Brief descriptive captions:
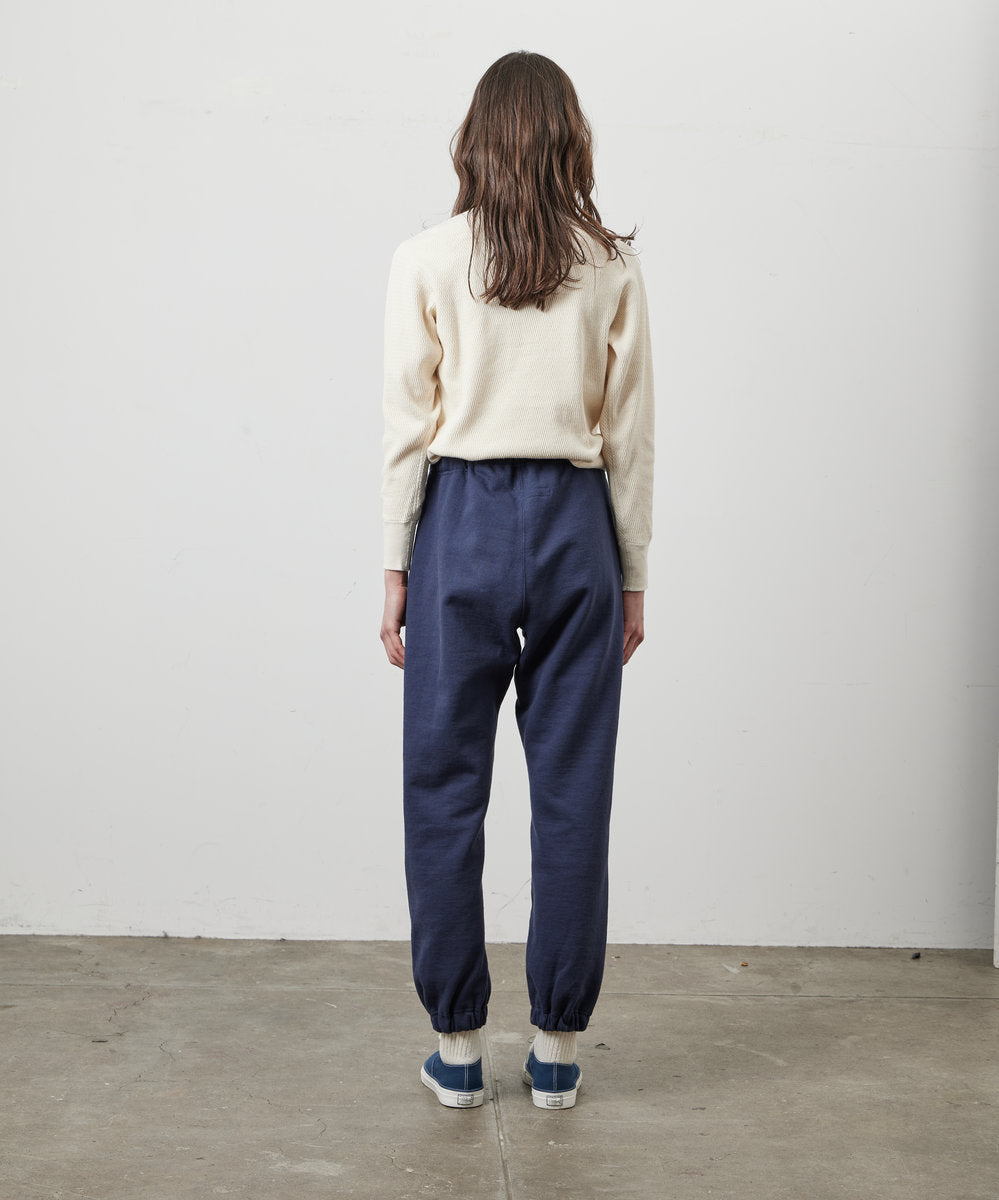 【Restock on Saturday, October 3rd】 SWEAT PANTS NAVY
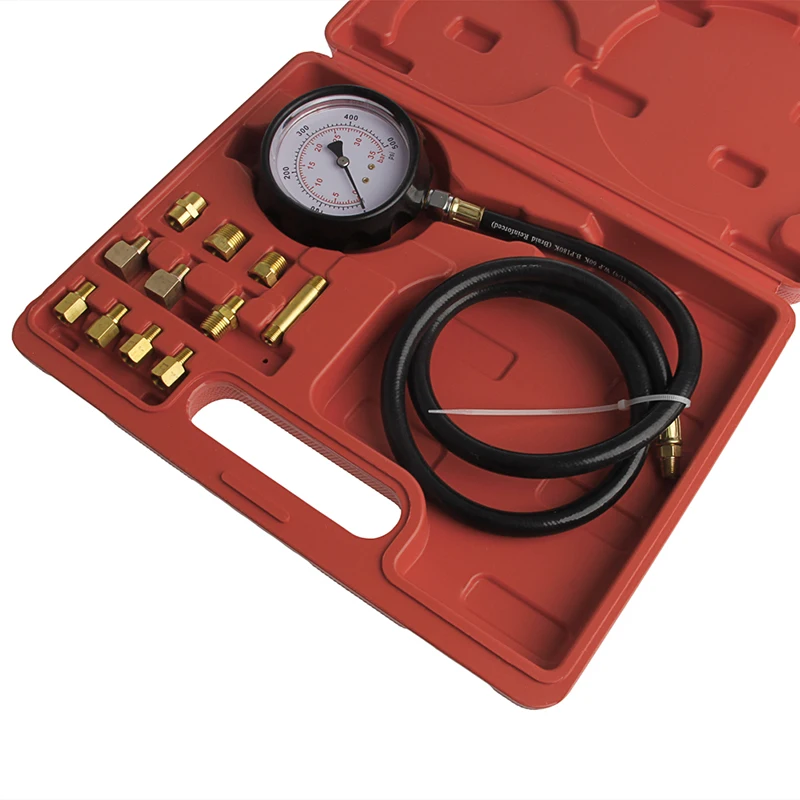 Auto Car Wave Box Cylinder Oil Pressure Meter Tester Pressure Gauge Test Tools 10166
Auto Car Wave Box Cylinder Oil Pressure Meter Tester Pressure Gauge Test Tools 10166
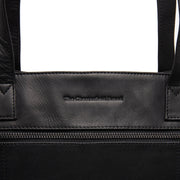 
Binnenweergave Showing Dedicated Padded Laptop Sleeve & Multi-Compartment Organization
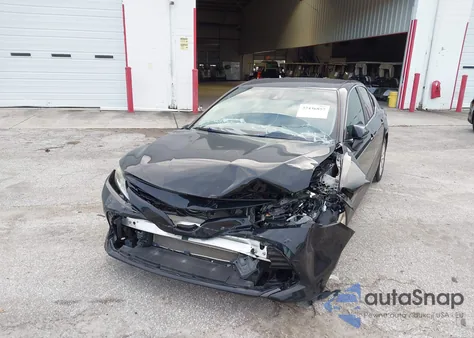 2019 Toyota Camry Le из США, поврежденный, VIN 4T1B11HK4KU733077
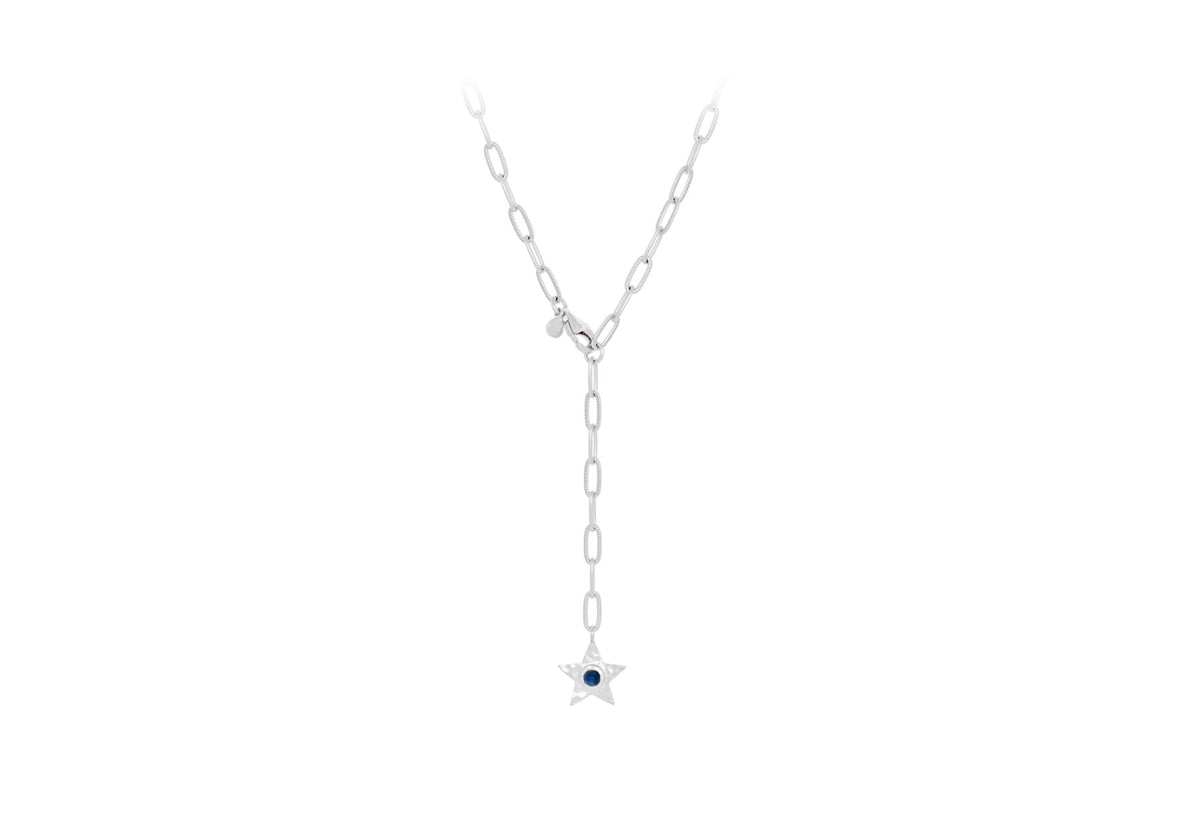 TWINKLING STAR NECKLACE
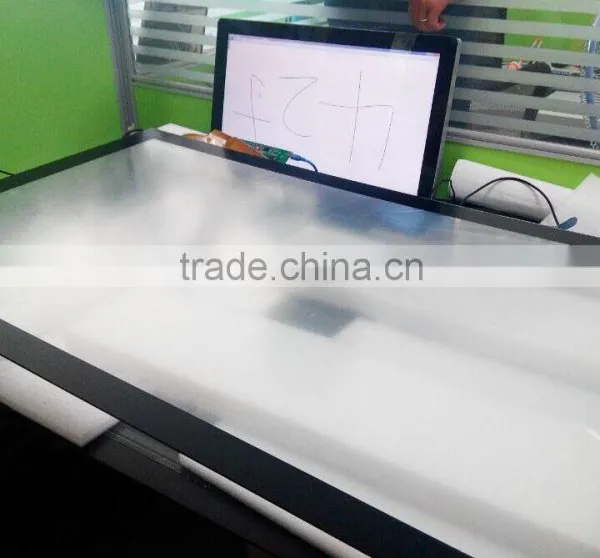 Shenzhen Touch Monitor Supplier 42 Inch Digital ir Touch Screen Open Frame Lcd Monitor for Power Control Unit photo-6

WHAT TO PRODUCE: Copy the entries exactly. Leave out the images.

OUTPUT OF THE TASK:
 【Restock on Saturday, October 3rd】 SWEAT PANTS NAVY
 Auto Car Wave Box Cylinder Oil Pressure Meter Tester Pressure Gauge Test Tools 10166
Auto Car Wave Box Cylinder Oil Pressure Meter Tester Pressure Gauge Test Tools 10166
Binnenweergave Showing Dedicated Padded Laptop Sleeve & Multi-Compartment Organization
 2019 Toyota Camry Le из США, поврежденный, VIN 4T1B11HK4KU733077
 TWINKLING STAR NECKLACE
 Shenzhen Touch Monitor Supplier 42 Inch Digital ir Touch Screen Open Frame Lcd Monitor for Power Control Unit photo-6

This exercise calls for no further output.